Short text fragments from websites
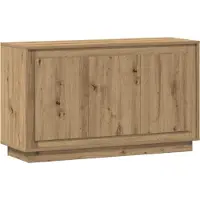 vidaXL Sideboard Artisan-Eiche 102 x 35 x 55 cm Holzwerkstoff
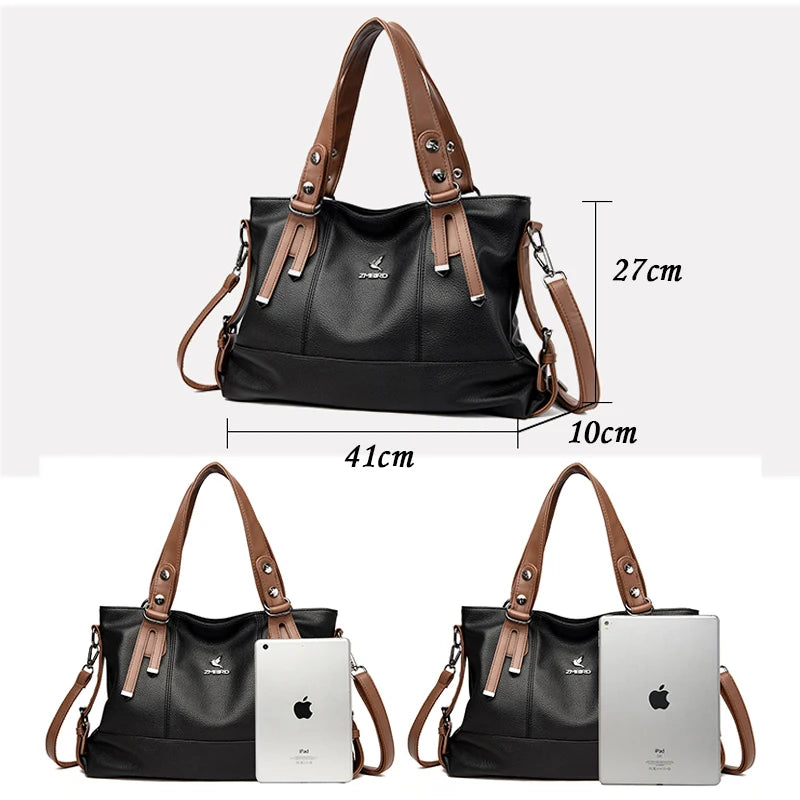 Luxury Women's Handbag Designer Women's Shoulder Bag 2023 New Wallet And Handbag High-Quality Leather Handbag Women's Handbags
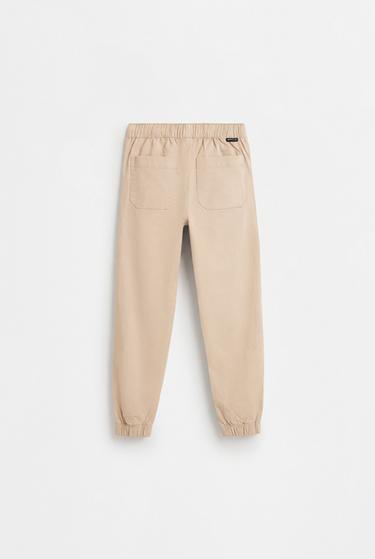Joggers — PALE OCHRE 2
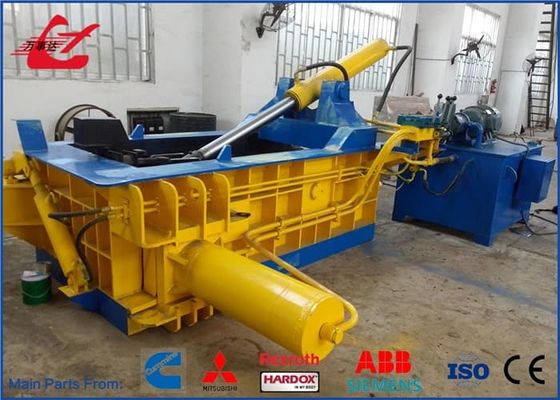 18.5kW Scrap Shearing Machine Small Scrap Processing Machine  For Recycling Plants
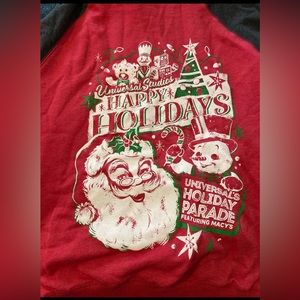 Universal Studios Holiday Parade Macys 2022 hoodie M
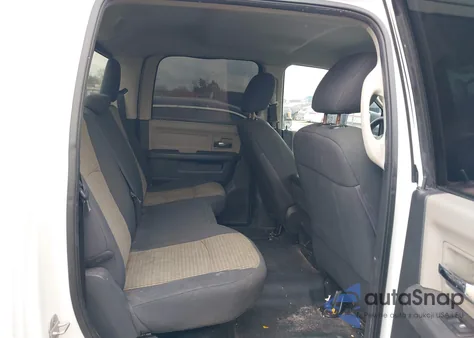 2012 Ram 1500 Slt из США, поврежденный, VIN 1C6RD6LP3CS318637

§ **What is expected**: In transcribing the lines above, omit the images and keep all else exact.

§ **Reply to the exercise**:
 vidaXL Sideboard Artisan-Eiche 102 x 35 x 55 cm Holzwerkstoff
 Luxury Women's Handbag Designer Women's Shoulder Bag 2023 New Wallet And Handbag High-Quality Leather Handbag Women's Handbags
Joggers — PALE OCHRE 2
 18.5kW Scrap Shearing Machine Small Scrap Processing Machine  For Recycling Plants
 Universal Studios Holiday Parade Macys 2022 hoodie M
 2012 Ram 1500 Slt из США, поврежденный, VIN 1C6RD6LP3CS318637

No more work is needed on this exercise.